The concept of darkness and night is portrayed in both Emily Dickinson’s and Robert Frost’s poem through the use of point of view. In each of these poems, the poet writes in the first tense, giving the reader a sense that the narrator has personally experienced the presence of the symbolic “darkness” and “night”. However, while “We Grow Accustomed to the Dark” is written in a plural point of view, “Acquainted with the Night” is written in a singular view. This gives a differing meaning to dark and night between these two poems, because although Dickinson’s plural poem encompasses humanity as a whole, showing the dark to be a natural point in life, Frost’s poem depicts the night his character is experiencing as a lonely, solitary happening. The differences in these two poems help to show night as a more unnatural and depressing experience than the dark that happens to everyone.

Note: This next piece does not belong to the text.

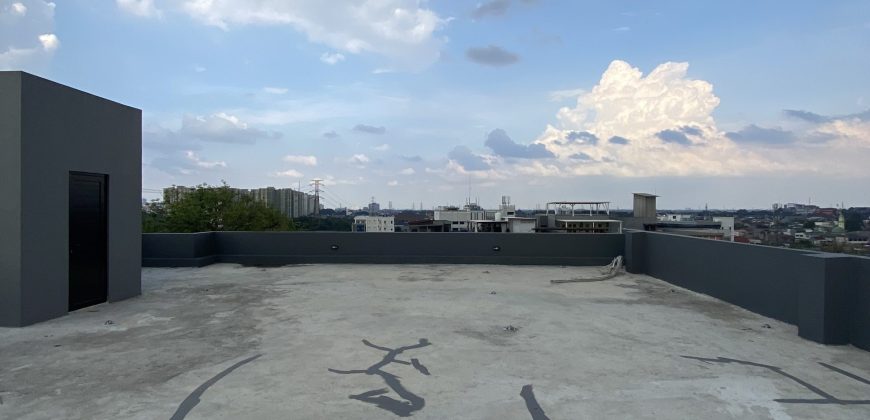 FOR SALE BRAND NEW OFFICE BUILDING STRATEGICALLY LOCATED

Imagery aids in comparing and contrasting the dark and night expressed in “We Grow Accustomed to the Dark” and “Acquainted with the Night”. It can be seen in both “When not a Moon disclose a sign – Or Star – come out – within” as well as “I have outwalked the furthest city light” that the imagery in the poems bring about a vision of darkness. It shows that these concepts and dark and night are negative, rather upsetting or sad experiences. In contrast, though both dark, the types of situations the imagery presents varies between the poems. In Dickinson’s poem, the images the reader sees expresses a general blackness and inability to see anything, which can be seen in “The Bravest – grope a little – And sometimes hit a Tree Directly in the Forehead – But as they learn to see –”. Thus from the imagery, the reader gets a sense that the dark represents becoming lost and not knowing where to go, since the narrator can’t see anything. Frost’s poem give a more depressing view of night, which is illustrated in “I have looked down the saddest city lane”. The character in the poem isn’t lost in the dark as in Dickinson’s poem, but observing his dreary surroundings, symbolic for his gloomy outlook on life. Thus, while dark is written as being lost in life and not knowing quite what to do, night is described as a depression the narrator is experiencing.

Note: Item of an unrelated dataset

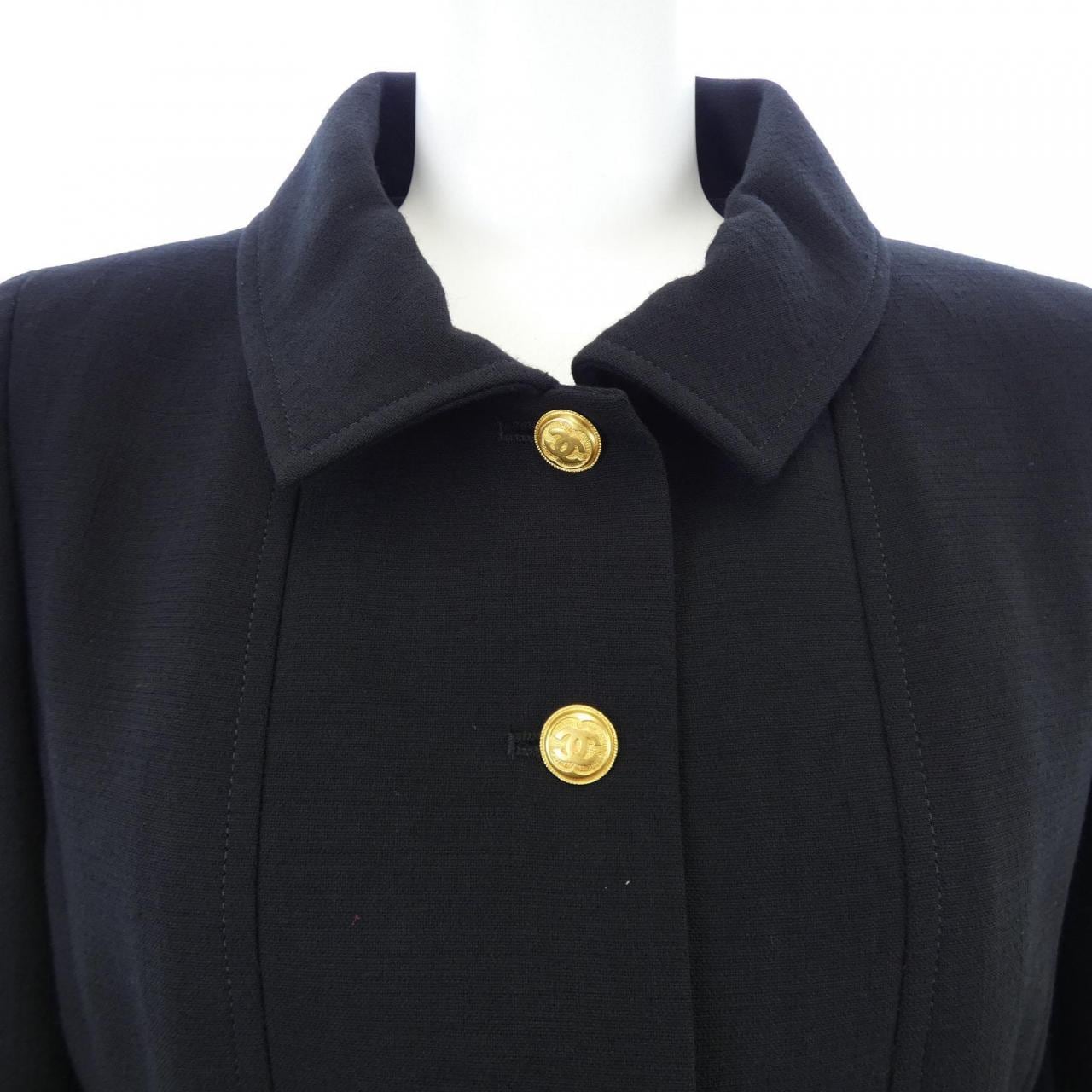 【ヴィンテージ】シャネル CHANEL P08098V05006 96A スーツ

Dickinson’s and Frost’s poems compare and contrast the symbolic notions of dark and night through poem structure. Both poems are written as a set of stanzas. By separating parts of the poem’s, both poets have effectively shown the experience of dark and night as a progression of time. Though in Dickinson’s the poem progresses from a sense of hopelessness to the narrator finally beginning to find his way, Frost’s poem continues the same thread of depression throughout his poem. Regardless, the stanzas section of f stages of the experience of both dark and night, showing that both of these themes are life experiences that someone works through as time develops. The rhyme scheme in these two works aids in contrasting the dark and night. In “We Grow Accustomed to the Dark”, the verse is free. The free rhyme scheme expresses the unstableness the narrator is experiencing in response to the dark. He is unfamiliar and lost in the darkness. This is a great distinction from the rhyme scheme in “Acquainted with the Night” that Frost sticks to religiously. This more structured style symbolizes how the narrator is more familiar with the darkness, because it has been with him for a long time and he has adapted to the feeling. So where the dark is shown as an unexpected, probably short-term bout of confusion, the night is a gradual depression that the narrator has fallen into long ago.

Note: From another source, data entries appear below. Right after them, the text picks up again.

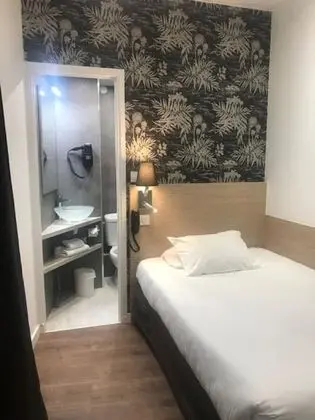 Hotel de Bordeaux - Oda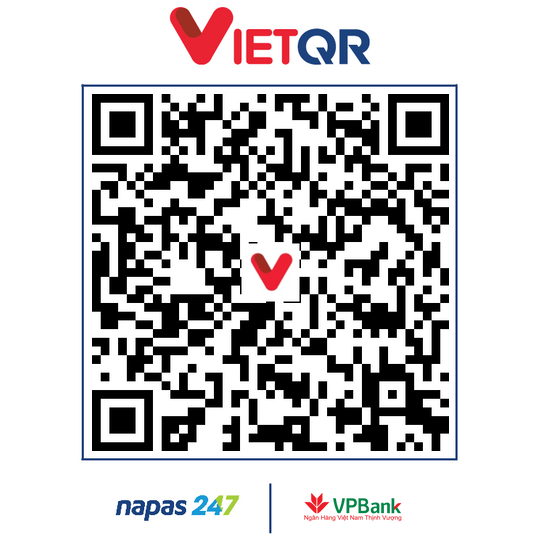 QR Code Thanh Toán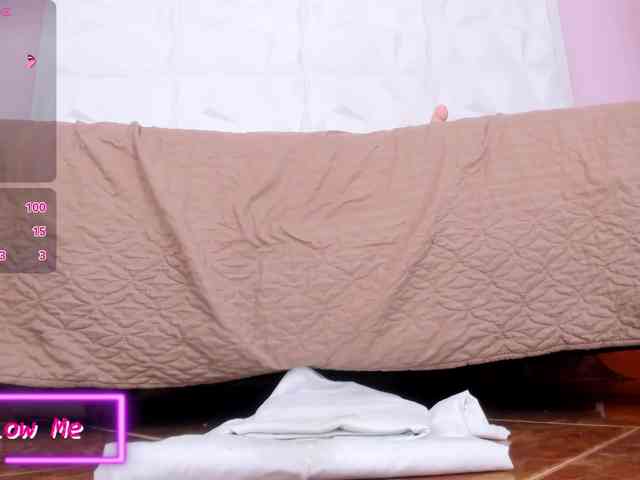 Valeriagomez webcam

Though point of view, imagery, and structure, “We Grow Accustomed to the Dark” by Emily Dickinson and “Acquainted with the Night” by Robert Frost, the themes of dark and night are compared and contrasted. Analysis of the poems has proven the dark to symbolize an abrupt feeling of being lost and not knowing what to do next, whereas the night represents a long-term depression the narrator experiences.